Lossless Wavelet Compression

Introduction

This web page discusses lossless data compression using integer to integer wavelet transforms and an integer version of the wavelet packet transform.

The lossless compression discussed here involves 1-D data. However, these algorithms directly generalize to 2-D data (e.g., images) [1]. Applications for lossless compression include compression of experimental data and compression of financial time series (for example, the bid/ask time series that arise from intra-day trading).

Usually a technique like integer to integer wavelet compression is applied to a large data set (like an image) as the first step in the compression process. A second data coding step is applied. Ideally the first step will result in repeated value (either sequential repeats or multiple occurrences of a given value), so additional compression can be achieved by a coding algorithm like Huffman or run length coding.

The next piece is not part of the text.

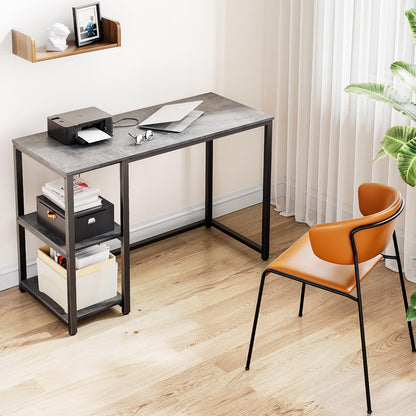 SINPAID Computer Desk 40 inches with 2-Tier Shelves Sturdy Home Office Desks with Large Storage Space Modern Gaming Desk Study Writing Laptop Table, Gray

The motivation behind this web page is not data compression per se. Wavelet compression is a form of predictive compression. Predictive compression algorithms can be used to estimate the amount of noise in the data set, relative to the predictive function. Turning this around, wavelet compression, especially wavelet packet compression can be used to estimate the amount of determinism in a data set. This can be useful in time series forecasting, since a region with low noise and high determinism may be a region that is more predictable. In terms of wavelet compression, a region that is relatively compressible may be more predictable. This web page lays the foundation for the related web page Wavelet compression, determinism and time series forecasting. The example time series used here are stock market close prices for a small set of large capitalization stocks.

Along with this discussion on lossless wavelet compression, I have published the C++ source code for these algorithms. format).

Data Compression

Data that is compressed via a lossless compression algorithm can exactly recovered by the decompression algorithm. Lossless compression algorithms are used to compress data where loss cannot be tolerated. For example, text, experimental data or compiled object code. The lossless compression program gzip (GNU Zip), a Free Software compression program, is widely used on UNIX and GNU/Linux systems for lossless compression.

Lossy compression algorithms are not perfectly invertible. The decompressed result of a lossy compression algorithm is an approximation of the orignal data. Lossy compression algorithms are frequently used to compress images and digitized sound files. Computer display and sound playback devices have limited resolution. The human eye and ear are also limited in their resolution. In many cases selected image and sound data can be removed without reducing the perceived quality of the result.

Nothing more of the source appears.